BE STILL MY BEATING HEART!
With every copy I send out to be reviewed, or every reader who’s read ‘Femme’ so far, I’m freaking out. Short of breath, racing heart, shaking hands. It doesn’t last long, but every time I press ‘send’ on an email that sends out ‘Femme’ for a review, I travel through a short, anxious path to the other side. For those who used to watch the TV show Lost, and there was that very short blast of music that was the intro for the show – that would be the soundtrack to my singular emotion.
I can calm myself down (mostly) but there’s still that concern: What if they (the reviewer) hates it? What if they give me a one star review with the singular feedback of ‘This is rubbish’? I love criticism, don’t get me wrong. When my beta-readers found flaws I was ecstatic because 1) they were mostly minor and 2) fixing them made my book better. But criticism from the public? Criticism in the form of a single star and no other explanation?

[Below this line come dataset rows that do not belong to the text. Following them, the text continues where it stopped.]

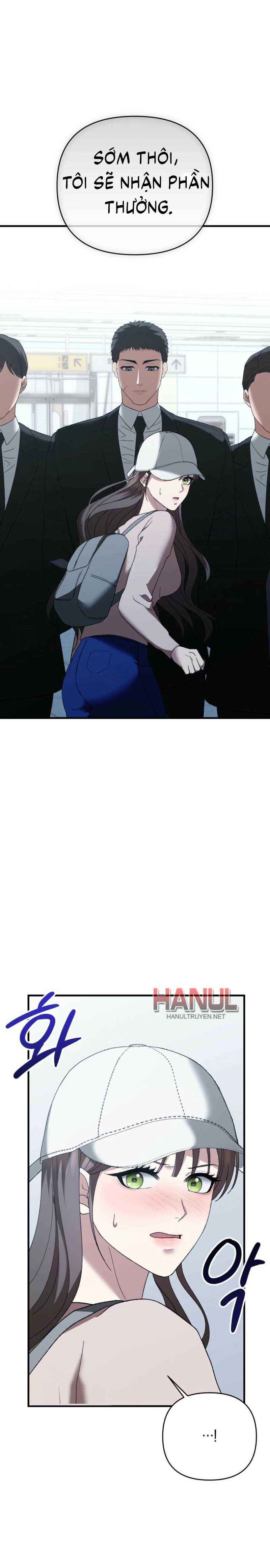 đọc truyện Điên Cuồng Yêu Em Chương 6.5 ảnh 7 tại Thiên Thai Truyện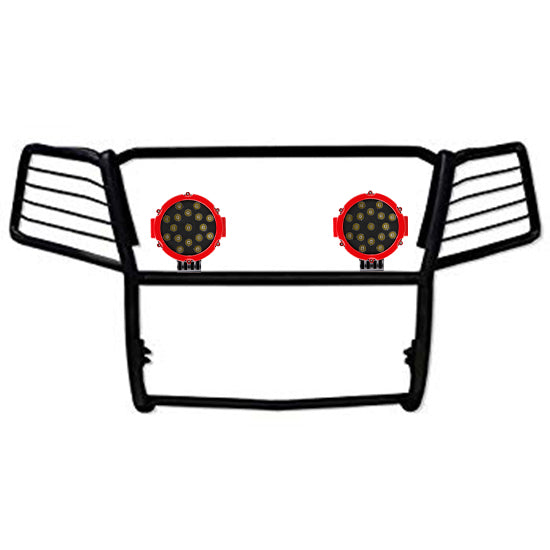 Blkhrs-Off-Rd-Grille-Guard-Kit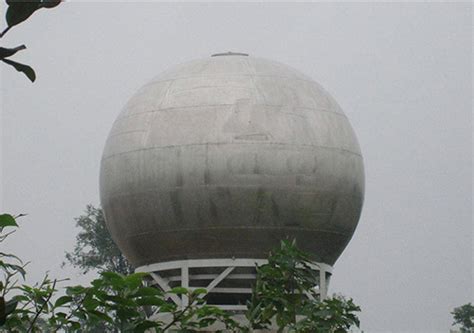 安顺不锈钢球形水箱-贵州林泉环境科技有限公司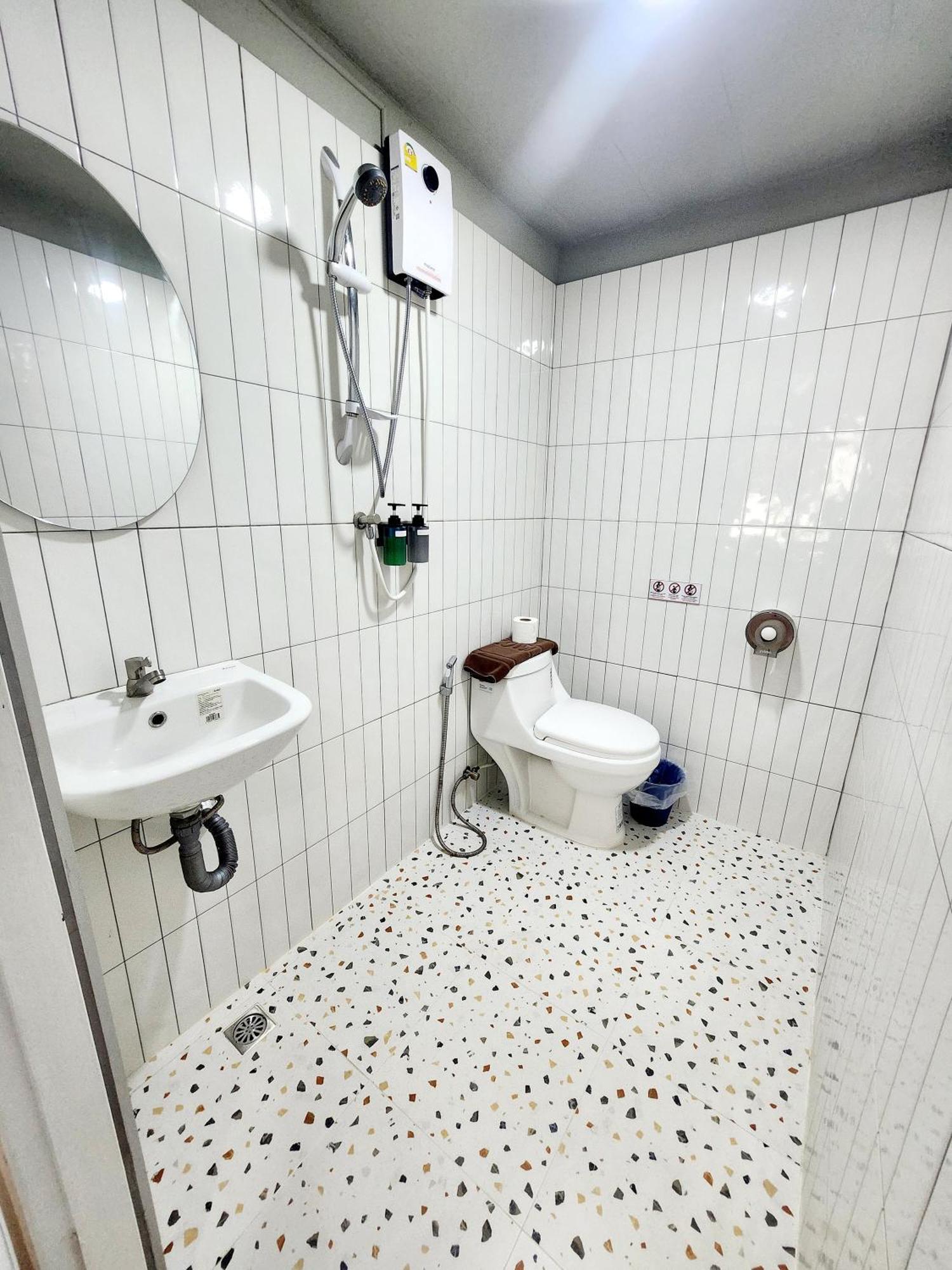 Seatel Phuket, Hotel Patong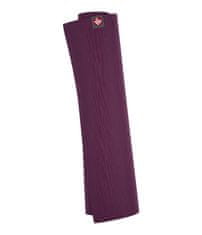 LIFEFIT Mata Do Jogi Manduka Eko Lite 4Mm - Acai Midnight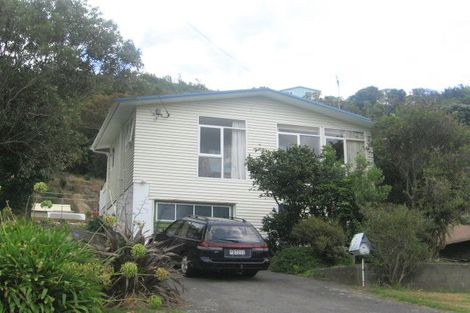 Photo of property in 59 Miramar North Road, Miramar, Wellington, 6022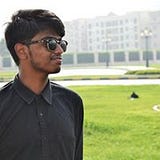 Ashwin Thomas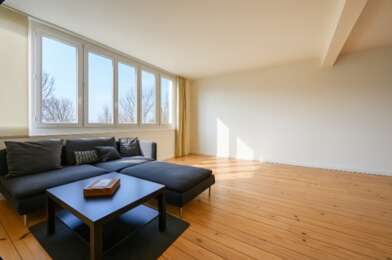 Appartement 4 pièces 375000 €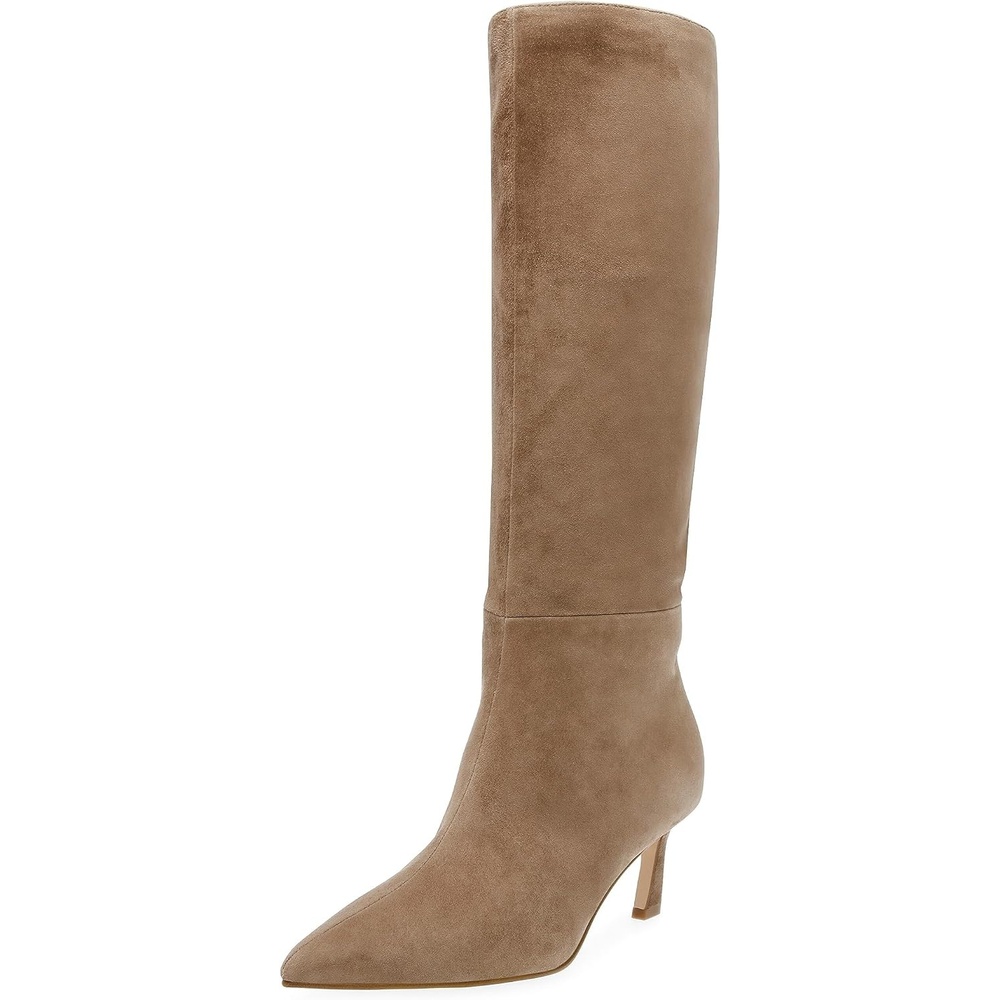 image:imageSteve Madden Womens LavanOatmeal Suede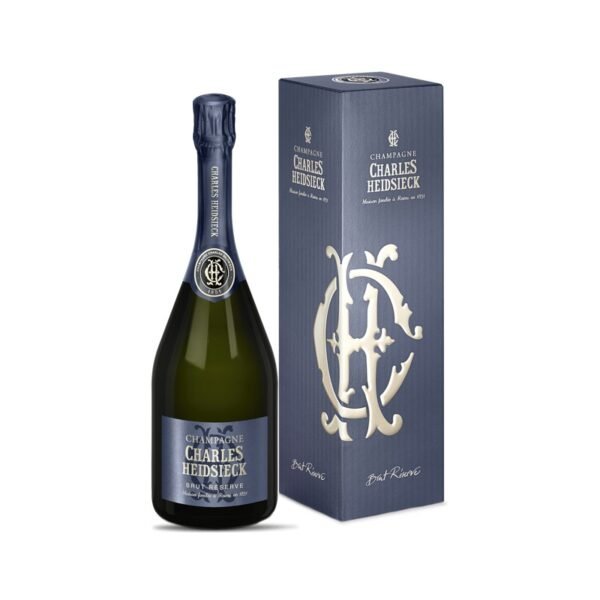 Brut Réserve Gift Box NV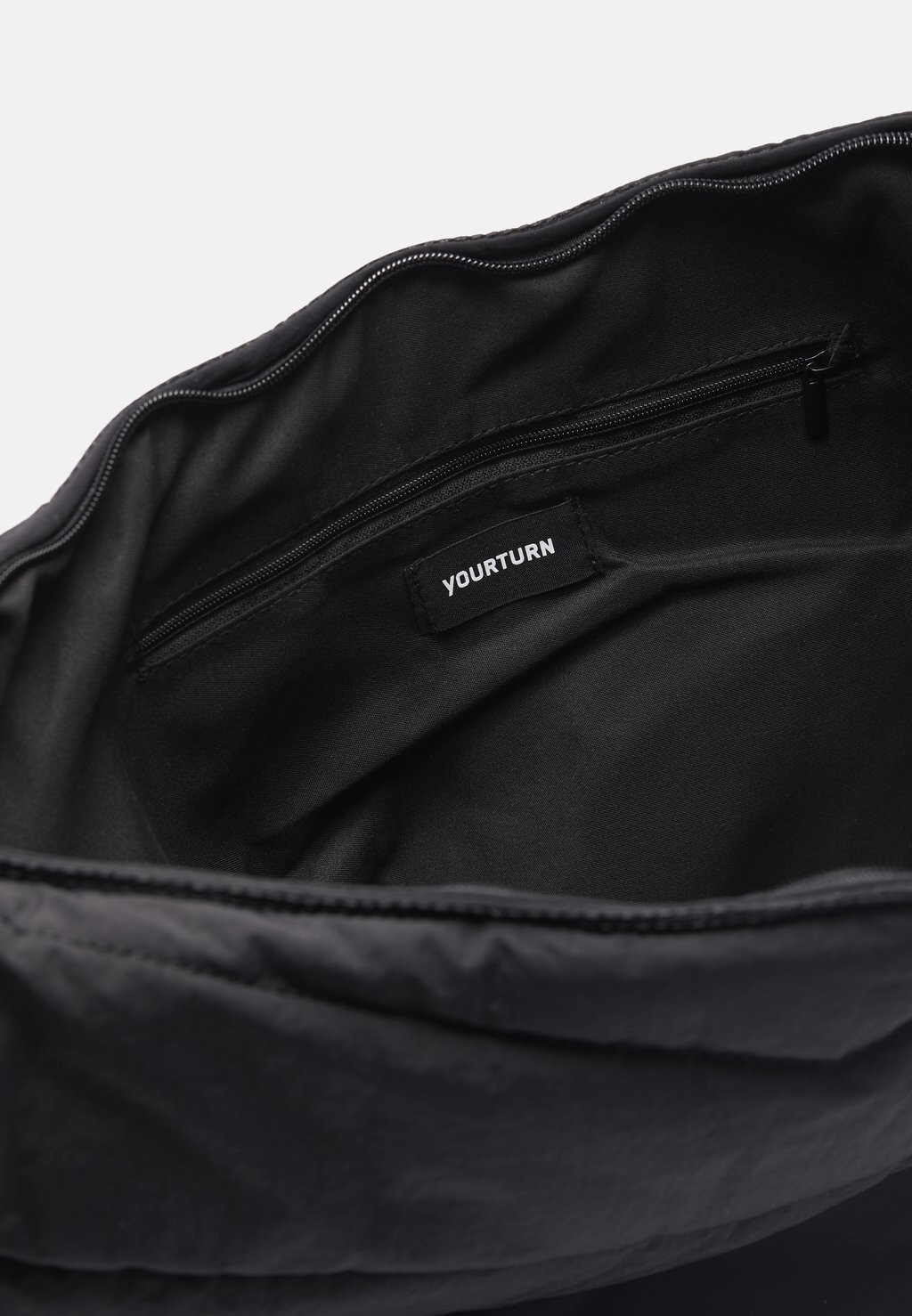 

Дорожная сумка UNISEX YOURTURN, черный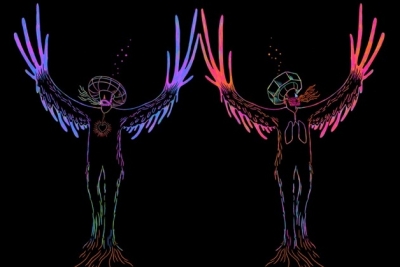 La Intersecció - Punto Bobo en concert amb el disc "Viva la Diversión"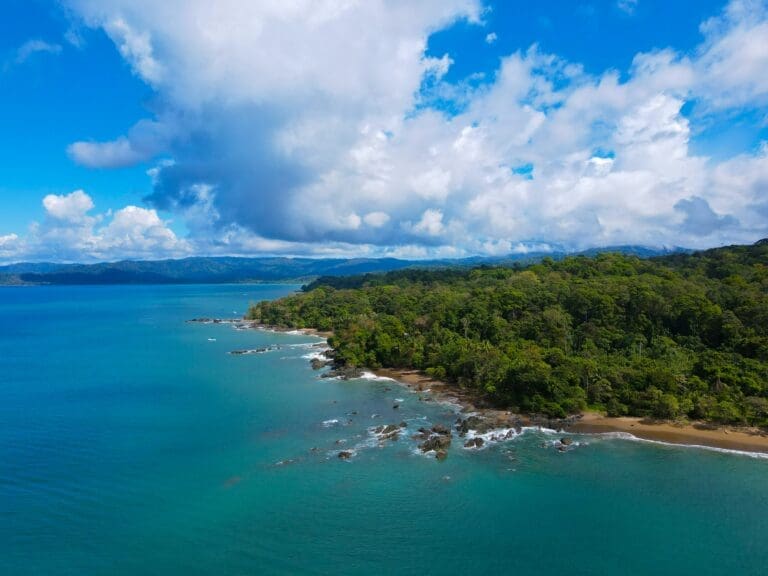 Becoming Brave – Costa Rica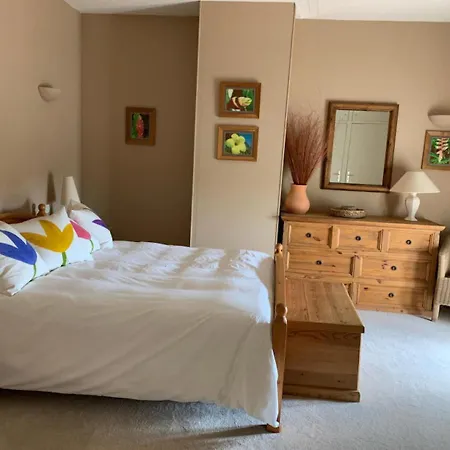 Sleeps 6 Vineyard Escape- Petsok & Airport Access Holiday home *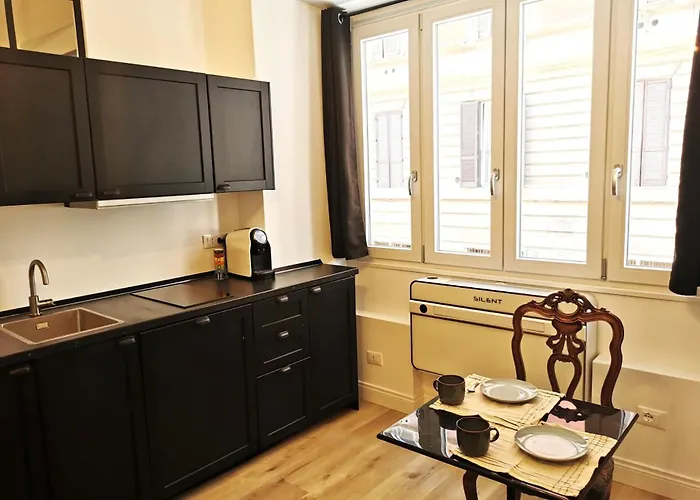 Casa D'agata Apartment *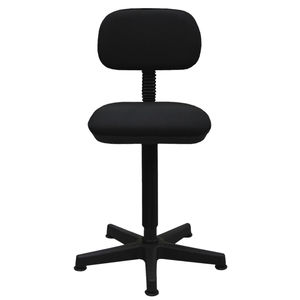 silla giratoria para puestos de trabajo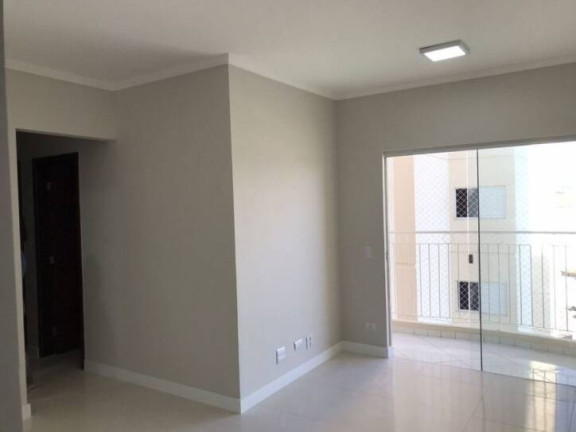 Imagem Apartamento com 3 Quartos à Venda, 70 m² em Jardim Jaraguá - Taubaté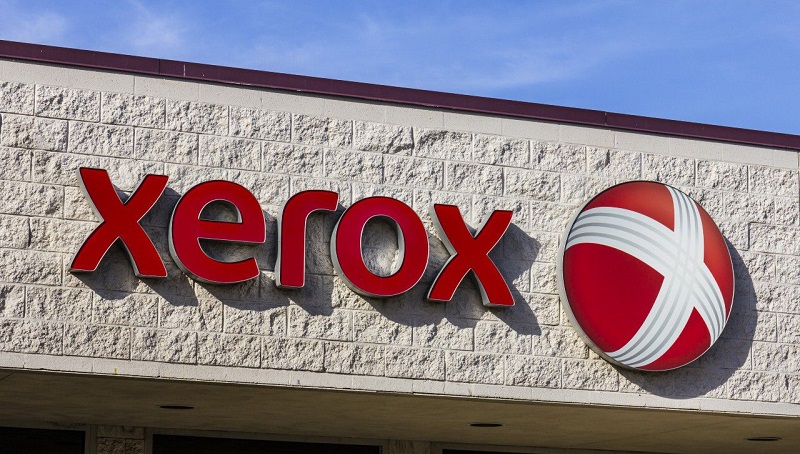 Xerox cuts healthcare benefits for some retirees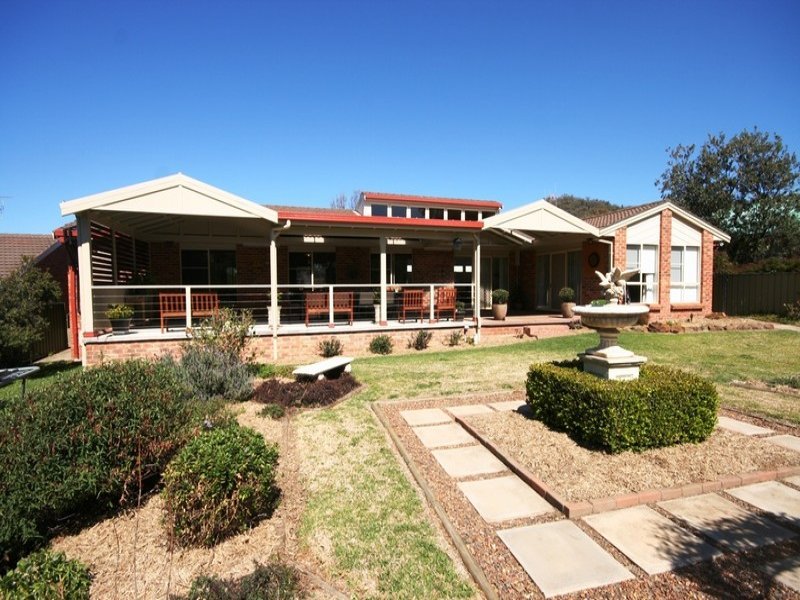 Sold - 4 Constantia Road - New Property in MUDGEE - Real Estate by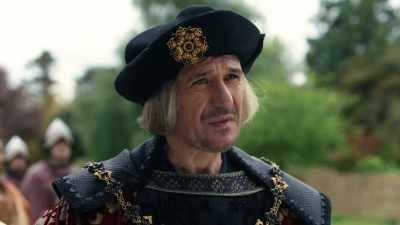 House of Tudor, - The Spanish Princess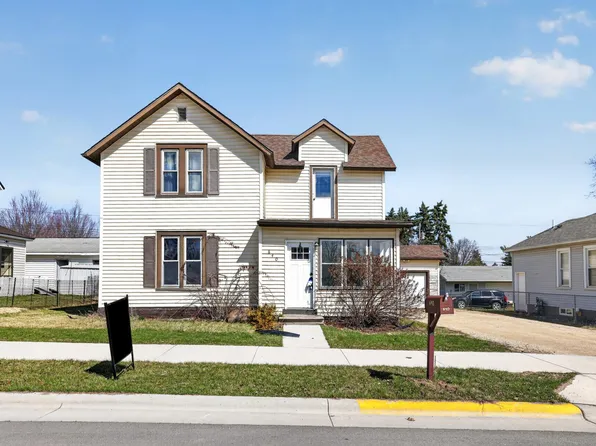 640 2nd Ave NW, Plainview, MN 55964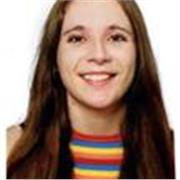 Estudió magisterio en la UPV/EHU de Leioa y he hecho prácticas en 2 colegios diferentes. Además he sido monitora en un campus. 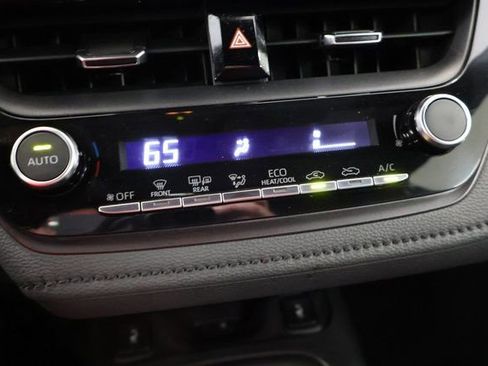 Used 2023 Toyota Corolla GR w/ Performance Package AWD/4WD image 21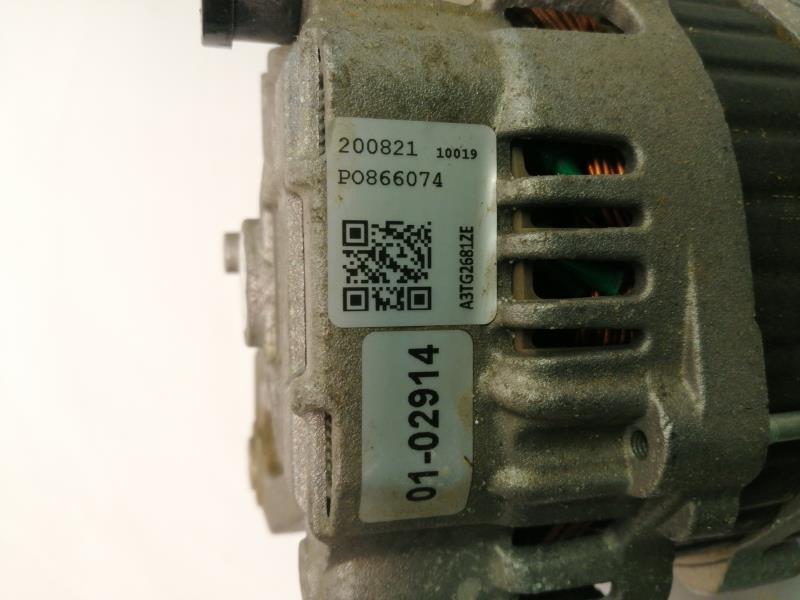 Alternatore NISSAN CABSTAR 2 Diésel - 1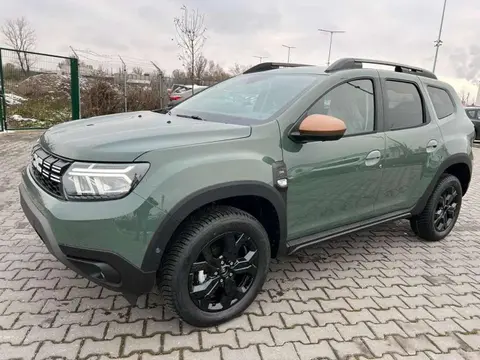 Used DACIA DUSTER Petrol 2024 Ad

TWINKLE TWINKLE LITTLE STAR
I honestly don’t believe I’ll attract a one star review, but I have seen them on books where I thought the rating was unjust. One star is a rating reserved for an unedited, unpolished, structurally flawed story, isn’t it? I wouldn’t give one star to something I simply didn’t like. There are tons of stories that don’t interest me or thrill me that are worthy of four or even five stars. As a writer I can recognise the difference between a story well told and something I merely have (or don’t have) preference for. I think I’ll be able to weather a one-star review or rating on ‘Femme’ as long as I have a fair amount of good ratings to offset it (like 10 good ones and 1 bad one maybe? I could survive that!)
THE COURAGE TO PUBLISH
The worst case scenario is that I’ll attract nothing but 1 star ratings from the public which will cause me to never write/publish again. The ratings I can’t control, but the writing I can. Thankfully, because I’ve had short stories published a number of times, I’ve already received the acknowledgement of other people (and DIFFICULT TO PLEASE people) that I’m not wasting my time writing commercially. Even so, publishers are not who I need to please – and that’s never been truer for me at this point. I need to please readers.
So what happens if ‘Femme’ returns with one star reviews and a sound bashing? What happens if it gets throttled and criticised and everyone who touches it hates it?
I’ll very likely take it off my website and the digital shelves. I’ll shed a few tears, shake it off, learn from it and move on. I’ll understand that perhaps a science fantasy entwined with a romantic coming-of-age story set in a utopian slave-world is not what the public wants right now. Maybe nobody will ever want it except me. I have more stories, more ideas. It sounds a ridiculous thing to imagine (to summon your worst fears) but it was the thing that gave me courage to publish; to consider the absolute worst-case scenario and think about what I would do in the face of it.
SO WHAT HAPPENS IF EVERYONE REALLY DOES HATE MY BOOK?
It won’t kill me. It won’t stop me writing. It’ll make me feel like crap for a while. Then I’ll set my sights on a different goal to what I’d initially intended, with different kinds of stories. I’ll review what it is that everyone hated and I won’t make the same mistake again. It will be the end of the Wanderer of Worlds series (because Femme is semi-connected to it) but it won’t be the end of me.